Correct. Do note that the 22 Gbps number is just an approximation. I have some benchmarks that show slightly above 23 Gbps (2874 MB/s read speed from an NVMe). There's a YouTube video showing nearly 3000 MB/s (24 Gbps) from Thunderbolt 4 on Windows.
For DisplayPort, remember that Thunderbolt can have two separate DisplayPort connections, so you can do two HBR2 connections or one HBR3 connection with a HBR connection. Then there's Apple's trick of having two HBR3 connections for the XDR. DisplayPort traffic has priority (because a display doesn't work if it doesn't get all the bits at the same rate all the time). PCIe can have whatever is remaining.
C. The theoretical TB3 bandwith works bi-directionally, simultaneously across 4 lanes. 2 lanes can use up to 40gbp's output and while 2 lanes concurrently use up to 40gbp/s input. So in theory, up to 80gbp's net transmission (minus any overheads).
Correct. But I don't know of a situation where receiving more than 24 Gbps is possible. That's PCIe traffic. I don't think you can receive DisplayPort traffic. I'm not sure how the iMac Thunderbolt Target Display Mode works - but the iMacs that support that are only 2560x1440 (7 Gbps which is less than HBR link)

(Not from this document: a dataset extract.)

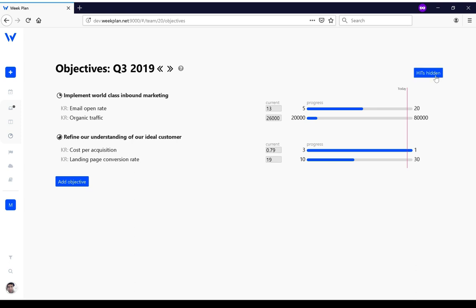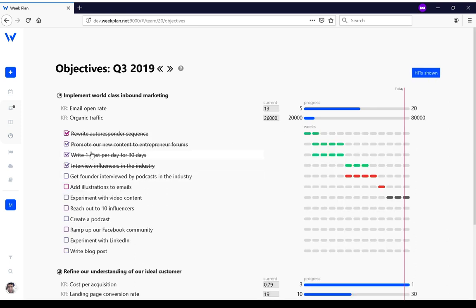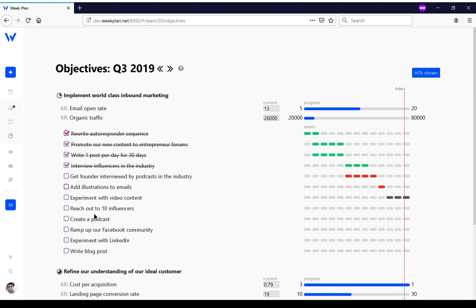This button allows you to show the backlog of tasks that you've got associated to a specific objective. All these tasks are here to help you make progress towards your objective, and you can then schedule them, work on them, and complete them.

D. A device connected to a port or in chain will not comsume bandwith as long as it is inactive. Two ports on a single controller could both have many daisy chained devices running to them that would exceed the total bandwith of the Thunderbolt controller but as long as enough devices are inactive for the total traffic to come in at under 40gbp/s, having them all connected at once would not cause an issue.
Yup. Should note that devices further away from the host in a chain will have slightly less performance (latency). Max chain length is 6 for Thunderbolt 3/2/1. I think its 5 for Thunderbolt 4/USB4.
1.
From your first reply. When re-reading everything in the thread and doing more research, this got me confused. All the discussion seems to talk of the whole Thunderbolt bus being limited to 40gbp's max and 22g gbp/s where PCI data is concerned by both ports SHARED, NOT individually. It's just that this statement seems at odds with that and reads like each of the two ports can can do 22gbp\s of PCIe transmission on a single shared bus. Unless this is intended to mean that each single port can transmit ≈22 Gbps on it's own if it's the only port being actively used?

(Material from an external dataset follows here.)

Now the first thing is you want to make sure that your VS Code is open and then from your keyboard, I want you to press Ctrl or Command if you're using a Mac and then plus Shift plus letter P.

Right. Connect one NVMe to each port. You can read 22 Gbps from one if you're not reading from the other. If you try to read from both at the same time (like with a software RAID 0) then you'll see something like 12 Gbps from each. You can read 22 Gbps from one and write 22 Gbps to the other simultaneously though.
2.
Had a bit of trouble resolving this. I may have point C above incorrect as a result. I thought the controller carried was 40gbp/s total in either direction, made up of x2 20gbp/s lanes going each way, which seems to be depicted her on page 4:
Yes. 40 Gbps each direction for a single Thunderbolt port. A Thunderbolt controller usually has two ports. So that would be 80 Gbps each direction total.
Also, I'm curious to understand what is meant by it not being able to fill either direction? Is this some sort of real world limitation when data is being transmitted and received simultaneously?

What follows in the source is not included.